В конце июня правительство обратилось к населению, пытаясь что-то объяснить из сути дела, – в начале июля постановила и Дума: обратиться мимо правительства прямо к населению, что никогда не отступит и не даст себя уклонить от принципа принудительного отторжения частных земель!
Дума сама отлила свою судьбу! Это был прямой крик законодательного учреждения: мужики, отбирайте землю, убивайте хозяев, начинайте чёрный передел! Только не совпал политический календарь с природным: ещё хлебá на корню. Но вот как справятся с уборкой – и заполыхает?
И что же было с такой дерзкой Думой делать? Вызываемый, среди других, на консультации в Петергоф, где Государь замкнуто жил по революционному времени, Столыпин мог понять, что в близком окружении Государя вихрилась неразбериха.

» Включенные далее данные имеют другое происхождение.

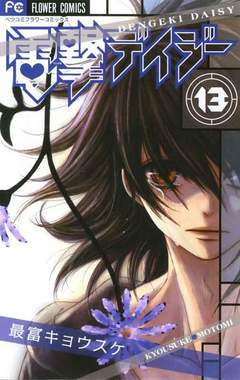 ELETTROSHOCK DAISY (FLASHBOOK) - 13_thumbnail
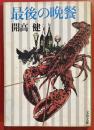 最後の晩餐 (文春文庫)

Дума оказалась дерзка к правительству – но ведь она народная и, стало, не может не быть лояльна и даже родственна своему народному царю? Глас народа требует отнятия земель у помещиков – но, может быть, на это надо и пойти? Тайно велись переговоры с лидерами думских кадетов – и те охотно соглашались брать власть, но не обещая никакого снисхожденья взамен. А между тем наторелый, но престарелый, срок службы переживший Горемыкин едва удерживал правительственный руль и очень хотел его передать, и сам твёрдо указывал на Столыпина. (Такое назначение и вовсе было бы сотрясательно и громоподобно для Двора: первым министром всегда назначалось лицо в соответствии со старшинством службы, числом уже полученных наград, достаточно близкое ко всем приближённым, никому не досадившее, а то и услужливое.) Но столыпинская программа решительных мер столкнулась с прекраснодушной программой другого кандидата в премьеры, Дмитрия Шипова.